/dew-point-fan

Dew point fan controller made with GO for a RaspberryPI

Primary LanguageGoMIT LicenseMIT

Dew point fan controller

This project is a GO/RaspberryPI version of the Taupunktlüfter project from the German Make magazine. The original project use C/C++ on an Arduino Nano.

My dew point fan controller is in many aspects the same as the original project:

  • same power supply
  • same sensors
  • same display
  • same case
  • same fan

Differences:

  • Raspberry PI 2
  • Solid state relais
  • software written in GO
  • no need for extra ethernet connection board
  • no need for extra real time clock or SD card reader

I've done this, because I had an old Raspberry PI lying around and I thought it's convenient to have an ethernet connection right from the start.

I use this ethernet connection to access the little http server to see the readings in a browser. In addition, the measured temperatures, humidity values and calculated dew points are sent to an InfluxDB time series database.

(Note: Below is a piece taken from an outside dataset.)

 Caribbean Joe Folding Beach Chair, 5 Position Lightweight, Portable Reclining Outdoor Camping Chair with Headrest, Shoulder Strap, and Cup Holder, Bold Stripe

There I have a little dashboard configured that shows me the values over time.

There's also a companion app made with flutter that runs on Android, iOS, Windows, macOS and Linux. This app shows the current temperatures, humidity values and the status of the fan. In addition, it can override the fan status to switch it on or off.

Screenshots and photos

Fritzing schematic:

Hardware photos:

Screenshots:

Start programm automatically

In order to start the programm when the Raspberry Pi boots up, you need to paste the following lines to /etc/rc.local before the line containing exit 0! Please adjust the exported values to your need. The InfluxDB token is created in the UI of InfluxDB. Look for API Tokens.

The url has to be set to the right ip-address of your InfuxDB server including the used port, if you use a non standard port. I run InfluxDB in a docker container on my NAS and there I have to use a special port.

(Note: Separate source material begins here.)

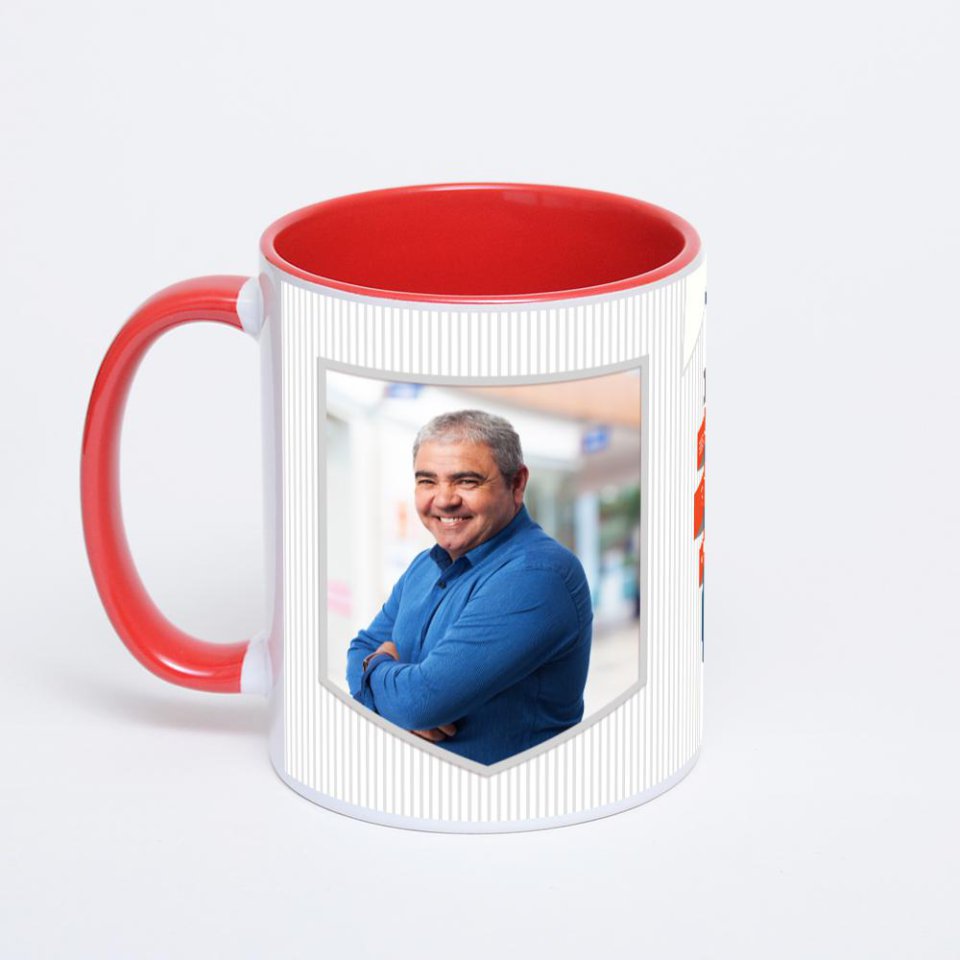 Красная кружка с фотопечатью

export INFLUX_DP_TOKEN=FJGkvqQ...LPhKA==
export INFLUX_SRV_URL=http://192.168.0.22:8086
su pi -c '/home/pi/dew_point_fan/dew_point_fan'

I use the user pi on the Raspberry and the program is located in the sub folder dew_point_fan of the home folder of pi.

Development

Please read chapter Final solution: compile on Raspberry if you want to compile it yourself. The following chapter is a another possibility to build the binary.

Cross compilation

Cross Compilation is possible, but you have to install a special ARM compiler.

Important The DHT Package needs a special arm compiler and build tools. The details are described here: d2r2/go-dht#20

Using special version of go-dht

The latest versions of go-dht will lead in binaries that need root priviledge to read/write the GPIO pins. There is a fix for this, but that's not yet merged. The following version does help in this case:

go get github.com/d2r2/go-dht@42fe873fbabb

I created a fork of this project with the mentioned fix included: special go-dht

On your development machine run the following line to build a dew_point_fan binary that can run on a raspberry pi:

CC=arm-linux-gnueabihf-gcc CGO_ENABLED=1 GOOS=linux GOARCH=arm GOARM=6 go build -o dew_point_fan -v dew_point_fan.go

This will create a binary named dew_point_fan that can run on an ARM processor running linux.

Copy binary to raspberry

If your ssh key is present on the raspberry, you don't need credentials to copy the binary:

scp dew_point_fan pi@192.168.0.29:

or both commands in one go:

GOOS=linux GOARCH=arm go build -o dew_point_fan -v dew_point_fan.go && scp dew_point_fan pi@192.168.0.29:

Final solution: compile on Raspberry

Even though I'm using Manjaro as development machine, I was able to cross compile my code without erros. But when I ran this code on a my Raspberry, I got an error about a GBLIC version mismatch.

Normally, cross compilation is very easy with GO, but in this case I decided to compile the code directly on the Raspberry. On this old Raspberry, the compilation time for this is approx. 1 minute. This is very slow compared to running GO on a laptop, but I can live with it.

Important

My Raspberry has a single core and only 512MB RAM. When I tried to compile the sources, I got an error message go build github.com/influxdata/line-protocol: ... signal: killed. I had to increase the size of the swapfile:

sudo nano /etc/dphys-swapfile
# inside this file, change the value of CONF_SWAPSIZE to 2048
sudo dphys-swapfile setup
sudo dphys-swapfile swapon

With this modification, I can compile the sources.